Quelles sont les principes sur lesquels repose la pratique du bagua zhang dans le style de Gao Yi-sheng ?
La pratique du Bagua zhang, style Gao Yi -sheng, reposent essentiellement sur la pratique de huit enchaînements circulaires, dit bagua du ciel antérieur, et des 64 techniques linéaires du bagua du ciel postérieur. En pratiquant les 64 techniques linéaires, l'étudiant renforce en effet son corps, le structure, et développe sa force interne. Il peut ainsi comprendre l'essence des mouvements pour plus tard en appliquer les principes au domaine martiale. Si l'étudiant peut découvrir les principes qui régissent la forme alors il pourra les utiliser en combat. Le bagua zhang repose à l'origine sur la marche en cercle et le développement de technique en spirale. Le boxeur pivote sur lui-même à l'image de la terre qui lors de sa révolution autour du soleil effectue une rotation sur elle-même La pratique s'appuie naturellement sur un système de percussions, de torsions et de projections. A la façon d'une tornade, l'art du Bagua produit des forces centripètes et centrifuges.
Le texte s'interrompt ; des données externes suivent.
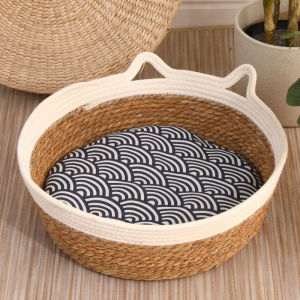 Handmade Rattan Pet Nest Straw Katil Kucing Cat House Cat Bed Cage Scratch Sarang Rotan Kucing Menggaruk Penggaruk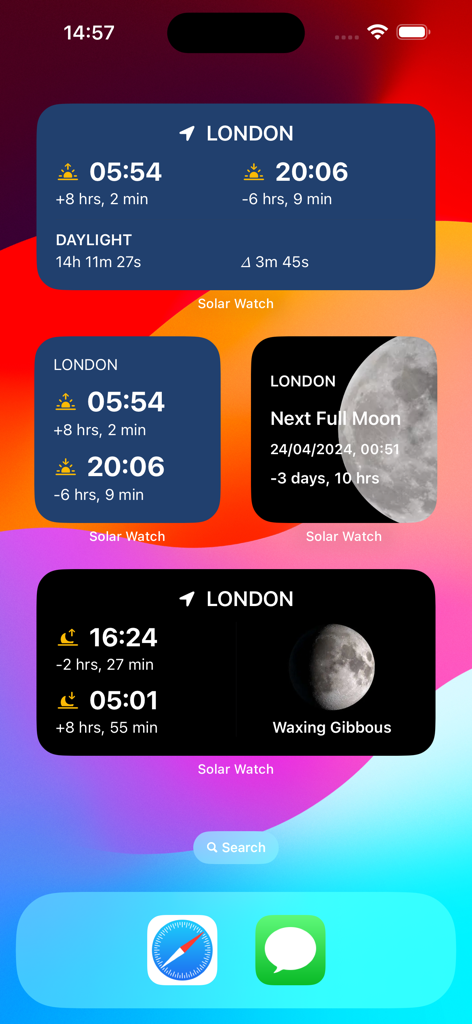 Solar Watch iPhone home screen widgets displaying solar and lunar path data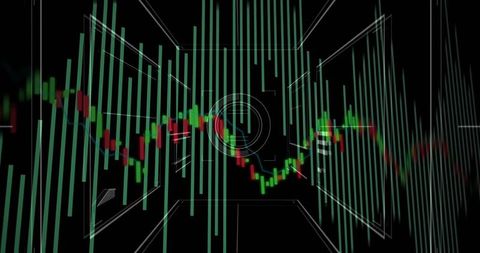 Futuristic Financial Data with Moving Candle Stick Chart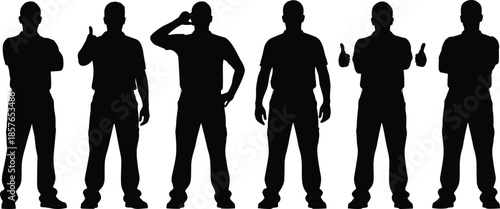 People silhouette set showing gestures, standing male poses, thumbs up salute actions, black vector illustration isolated on white background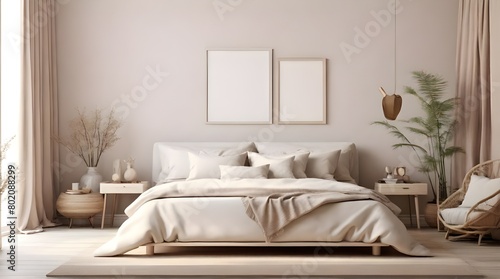 Mockup frame in light cozy and simple bedroom interior background  3d render  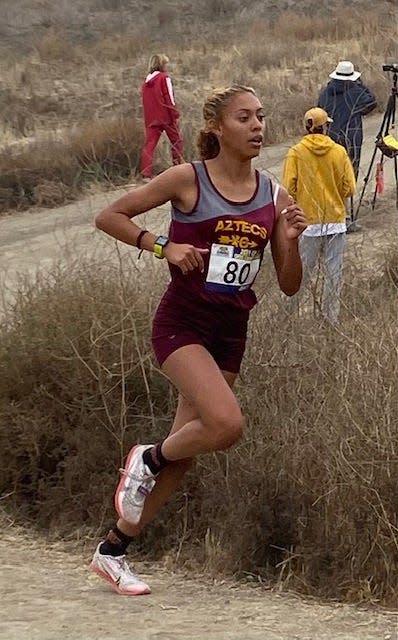 Barstow’s Angelina Vasquez finished ninth overall in the girls Division 4 race at the CIF-Southern Section Cross Country Finals on Nov. 20, 2021.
Quels sont les grands principes énergétiques qui régissent le bagua zhang ?
L'explosion d'énergie en bagua zhang résulte du contrôle de l'esprit et de la capacité à focaliser toute la puissance du corps vers une cible précise. La force qui en résulte peut jaillir de n'importe quelle partie du corps et s'appliquent à toutes les techniques du bagua : frappe, coup de pied, luxation et projection. Dans le bagua zhang, cette force est provoquée par les techniques de rotation et de vrille. Plus particulièrement, le combattant en bagua zhang tourne soit autours d'un point extérieur à son corps ( la marche en cercle) soit effectue une rotation sur son propre axe (changement de paume). De fait, l'énergie en spirale du bagua zhang résulte de la combinaison des forces horizontale (Heng Jing) et verticale ( Shu jing).
Qu'est ce qui différencie la stratégie du bagua zhang des autres arts martiaux ?
C'est la stratégie du combat qui différencie le bagua zhang des autres arts martiaux. L'expérience du combat et le propre talent de Dong Hai-quan lui ont permis de créer une stratégie du combat encore jamais apparue dans l'histoire de Chine. En fait, la théorie du combat en bagua zhang rejette l'opposition des forces pour adopter une sorte d'esprit de guérilla. Le pratiquant de bagua cherche sans cesse à éviter la confrontation directe pour mieux attaquer ou contre-attaquer les angles faibles (articulations) de l'adversaire.
En pivotant et en contournant les forces de l'adversaire, l'adepte du bagua zhang se place toujours en position de supériorité et peut alors projeter toute la puissance de son corps. Cette stratégie permet au plus faible de produire une force maximum sur les parties vulnérables d'un adversaire au départ plus robuste. Lorsque l'adversaire est déstructuré il devient alors très vulnérable. Finalement, grâce à un corps relâché et à la stabilité de son esprit, le pratiquant de bagua zhang peut maîtriser la situation en transformant spontanément ses réactions. En fait, le bagua est autant un kung fu qu'un concept de transformation mentale: cet art bagua possède en son centre de profonds principes philosophiques dont l'expression sont les mouvements et les formes.